Your first homework assignment for this week is to take the variable named "text" (this has been defined for you) and count the number of times "z" occurs AND the letter "k" occurs. Add those numbers up and print the result.
As a further complication, we DO NOT care about case (e.g. ‘z’ and ‘Z’ should both be included in the count).
Don’t feel bad if you struggle, this homework is a step up in difficulty compared to normal.
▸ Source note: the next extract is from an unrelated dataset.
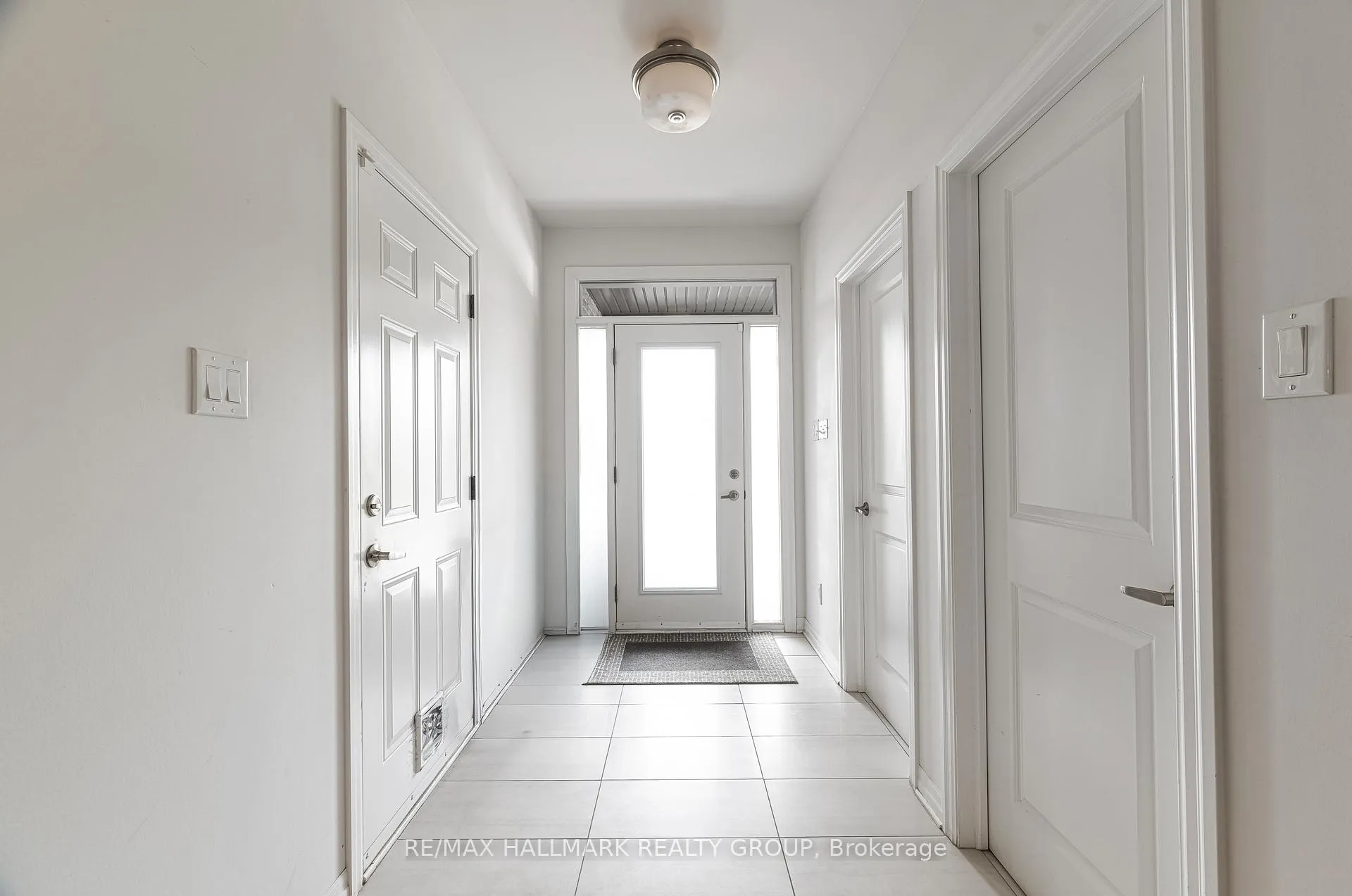 Photo 7 of 740 Fiddlehead Street, Ottawa, Leitrim — HOMEH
Oh and I have also included a few test cases below that should help you figure out what do to (just in case my instructions were not clear enough).
For bonus difficulty, make your code work for any letter (e.g. "a", "b" returns the count of 'a' + 'A' + 'b' + 'B').
In [ ]:
text = "zzzzzzzzzzzzzzzzzzzzzzzzzzzzzzZZZZeeeewwwwwwwwkKewewe2324____23!!!!!fsdffskdsdzzzzZZZZZZZZZZZZZZZZroiooioi"
# Simple Examples (string --> total you should return)
# "zZ" --> 2
# "kK" --> 2
# "KZ" --> 2
# "1aZZZabc" --> 3
# "hello" --> 0
# "ZzKk" --> 4
# Your code goes here...
In [4]:
text = "zzzzzzzzzzzzzzzzzzzzzzzzzzzzzzZZZZeeeewwwwwwwwkKewewe2324____23!!!!!fsdffskdsdzzzzZZZZZZZZZZZZZZZZroiooioi"
##################################### Solution #1 ###################################
a = "Z" # set a,b to any letter you like in order to solve the bonus problem.
b = "K"
text2 = text.upper()
result = text2.count(a) + text2.count(b)
print("Solution 1: ", result)
##################################### Solution #2 ###################################
a1 = "Z"
a2 = "z"
b1 = "K"
b2 = "k"
result2 = text.count(a1) + text.count(a2) + text.count(b1) + text.count(b2)
print ("Solution 2: ", result2)
##################################### Solution #3 ###################################
# Note, we shall cover for-loops later on in this course.
seq = "KZkz" # <--- change this to solve bonus problem
counter = 0
for character in text:
if character in seq:
counter += 1
print("Solution 3: ", counter)
##################################### Solution #4 ###################################
# Note, this is an advanced solution, I don't expect you to understand it.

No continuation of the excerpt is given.